To sum up our session, we all had a brilliant day. The general stamp of fish are not quite as large as our angling pals enjoy further south, but none the less offer a great days sport, with the distinct possibility of a”lunker” thrown in now and then to keep things interesting. Portbalintrae offers a wide range of angling opportunities, from clean ground fishing over the banks to deep- water rough ground tactics over slack water. The Skerries Islands lay a short steam to the west for Pollack and Wrasse fishing and there are simply miles of coastline and headlands that offer the same. I am afraid the day just wasn’t long enough to do everything, but no doubt we will be back for another go. George has already asked twice when our next trip is coming up!
As Portbalintrae is situated on the north coast of Northern Ireland, southerly winds are most suitable. North or north –east winds can cause quite a bad swell that may make conditions dangerous when entering or leaving the narrow entrance to the bay. Common sense should always dictate when deciding on any angling adventures.
When fishing the bank for “flatties”, we had greater success using long flowing traces, up to twenty feet in length. One theory suggested was that shorter traces simply bounced over the peaks leaving a bait high above the seabed.

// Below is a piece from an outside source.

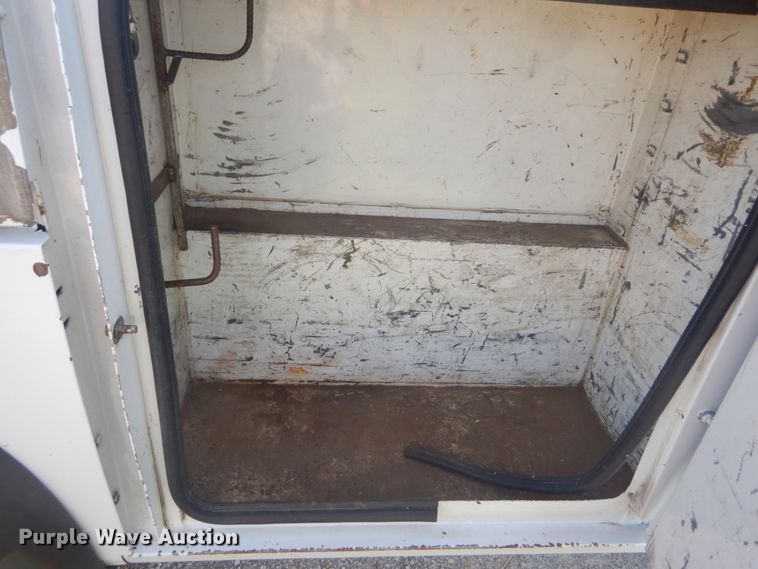 image for item JI9429 2001 Ford F450 Super Duty XLT  utility / service truck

Whatever the reason, the longer traces presented a bait in a natural enough manner to fool quite a number of Plaice.
Unusually, ragworm did not seem to work very well, but fish baits, and in particular, long thin strips of calamari squid or sandeel were excellent.
Fish Pollack tactics at the deepwater mark while the tide is still running, and switch to Ling tactics as the tide eases. There is also the possibility of sizeable Conger here.